The notice that Le Pen received from Carole Bochter, the investigating judge handling the case, actually cites Article 161-1 of the Code of Criminal Procedure, a more general provision that authorizes judges to seek guidance from “experts” when they deem it “useful.” Ordering a psychiatric examination was a matter of discretion, in other words, notwithstanding the claim by Le Parisen, the BBC, and other media outlets that it was standard procedure or even required by law. That legal leeway lends plausibility to Le Pen’s complaint that the French government is taking a page from the Soviet playbook by treating political dissent as a mental illness.

The BBC says Bochter “wants the tests to determine if [Le Pen] suffers mental illness or is ‘capable of understanding remarks and answering questions.'” Le Parisien says “the expert in charge of this psychiatric examination is supposed to check whether Marine Le Pen was or was not ‘suffering from a psychic or neuropsychic disorder that impaired her discernment’ when she posted the photos.” The implication does seem to be, as Le Pen’s allies claim, that Bochter sees her political speech as a evidence of a mental disorder.

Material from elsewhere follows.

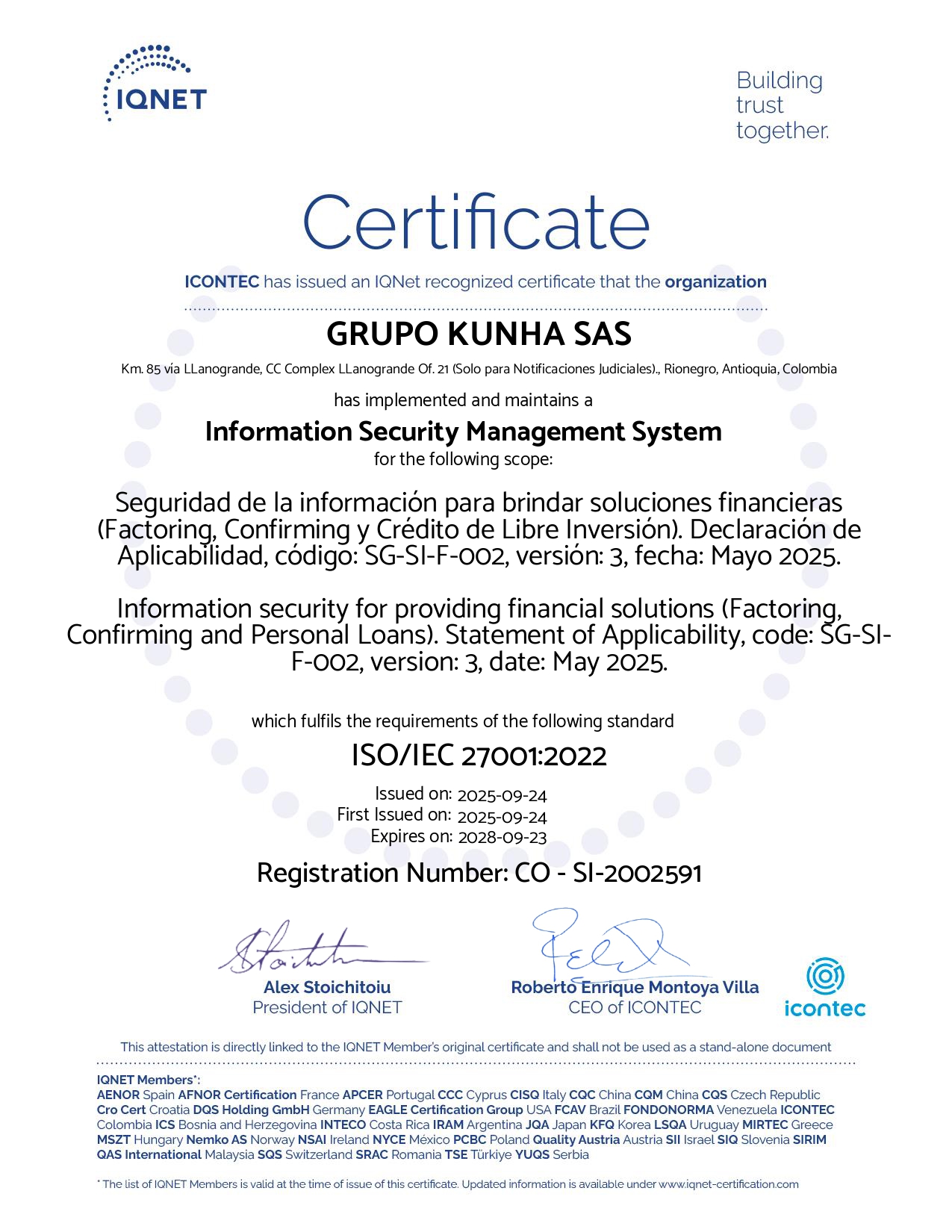 IQNET ISO-IEC 27001-2022 GRUPO KUNHA SAS 2025-2028_page-0001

Article 227-24 is not the only way in which French law deviates from the Enlightenment values to which French officials pay lip service. In addition to Twitter posts about terrorism, French legislators have criminalized Holocaust denial, public display of Nazi symbols, and insults or incitement of hatred based on race, religion, ethnicity, national origin, sex, sexual orientation, or disability. All of these bans would be non-starters under U.S. constitutional law. Shouldn’t actual legal restrictions on speech carry more weight in a ranking of press freedom than Donald Trump’s dreams of silencing people who offend him?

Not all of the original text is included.